Anyway, back on topic. That's the problem with the Romans- there's no real creativity. If you've seen one Roman monument, you've seen them all. There's only so many damn trepidariums that you can look at before you say "yep. that's a trepidarium." Same goes for the frigidarium, except that frigidarium is slightly more fun to say. But not for £15!
Instead I geeked out by visiting a fully restored Georgian house, the Jane Austen museum, and went to high tea at the Pump Room. The Georgian house was great and I want to line my walls with damask silk now! The Jane Austen museum was a blast and I'm going to send a nasty email to Rough Guides Travel Guides for saying it wasn't worth the visit.
Basically it was myself and a bunch of ladies of a certain age the got all bubbly about a 15 minute Jane Austen lecture, a 5 minute movie about the costumes that were used in the new ITV Austen miniseries, and a brief discussion about which movies stayed true to the book. Suprise, suprise, the people that work at the Austen museum haaaaaated the new Kiera Knightly version. So much so that the woman giving the lecture went off on a 5 minute rant about it.
These were my people.
The pump room was awesome because not only was the high tea (meaning little sandwiches and cakes) delicious, but this place was the center of society in the Georgian period. It's where everyone went to be seen and find out the latest gossip. I, of course, made a mess of it.
It was cream tea, meaning scones with clotted cream.. mmm... And in my excitement I ate the scone first (supposed to eat the sandwich) but shattered it into a hundred pieces trying to put the clotted cream on (think consistency of hard butter on a very dry biscuit). So there was small pieces of scone all over the table directly in front of me that were too small to slather clotted cream and jam on.
If you're actually interested in this story other than to laugh and think "oh that Casey, what trouble will she get into next?" don't worry, I managed to eat all of my scone pieces and no one there made me feel like an idiot. For such a fancy place, they were incredibly nice and they just kept filling up my teapot with more tea to the point that when I left my bladder was going to explode.

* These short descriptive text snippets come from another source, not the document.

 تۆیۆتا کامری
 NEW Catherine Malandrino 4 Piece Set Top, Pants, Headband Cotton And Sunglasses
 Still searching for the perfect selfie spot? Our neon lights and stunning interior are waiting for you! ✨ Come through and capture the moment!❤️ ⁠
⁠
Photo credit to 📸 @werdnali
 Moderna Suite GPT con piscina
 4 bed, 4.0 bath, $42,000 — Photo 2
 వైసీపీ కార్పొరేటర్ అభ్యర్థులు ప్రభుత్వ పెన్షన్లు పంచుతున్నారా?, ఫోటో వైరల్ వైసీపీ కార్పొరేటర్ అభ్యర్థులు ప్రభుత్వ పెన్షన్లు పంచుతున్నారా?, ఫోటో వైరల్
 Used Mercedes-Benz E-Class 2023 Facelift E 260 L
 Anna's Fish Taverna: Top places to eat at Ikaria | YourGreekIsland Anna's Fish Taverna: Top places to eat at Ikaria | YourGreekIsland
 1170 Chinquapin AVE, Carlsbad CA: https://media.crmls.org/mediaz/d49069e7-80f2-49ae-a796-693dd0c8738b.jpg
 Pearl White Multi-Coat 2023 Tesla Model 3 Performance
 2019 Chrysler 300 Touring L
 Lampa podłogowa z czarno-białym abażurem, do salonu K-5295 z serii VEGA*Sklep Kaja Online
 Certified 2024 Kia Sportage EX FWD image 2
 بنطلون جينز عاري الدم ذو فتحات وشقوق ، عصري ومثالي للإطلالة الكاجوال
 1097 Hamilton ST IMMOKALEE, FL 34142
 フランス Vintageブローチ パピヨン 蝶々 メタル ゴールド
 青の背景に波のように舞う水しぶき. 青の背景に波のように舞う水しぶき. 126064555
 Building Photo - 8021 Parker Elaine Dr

For as pleasant as Bath was, Canterbury was just eh. The cathedral is amazing, and it was incredible to be going someplace that was such a major pilgrimage site(I did not feel the same about Fatima for reasons I will not go into here)for hundreds of years. In the crypt there's this pedastal with a bunch of sticky notes on it that you can write a prayer and they'll place the sticky note on the altar during mass. Before they collect them, though, they just sit on this pedastal. It was incredibly moving to read the prayers that some people wrote. The most tongue in cheek that I read was "Please let the teachers survive this field trip..."
The rest of Canterbury was pretty boring. It's all high street shops built after the Germans bombed the crap out of the city in the Baedecker Raids. So there wasn't really much to see or do that was of particular interest after the Cathedral.
To sum up- Bath, yay! Canterbury, eh.
3 Comments:
So, did you get your visa?
why did you hate fatima?
Yes I have a visa, although potentially not the one I need. :)
I didn't like Fatima because it she supposedly showed up in a grove of trees on the outskirts of town and now the place is like a Christian Disneyland Parkinglot. There's absolutely nothing there that gives you any sort of feeling of what the place used to be like before they paved it over.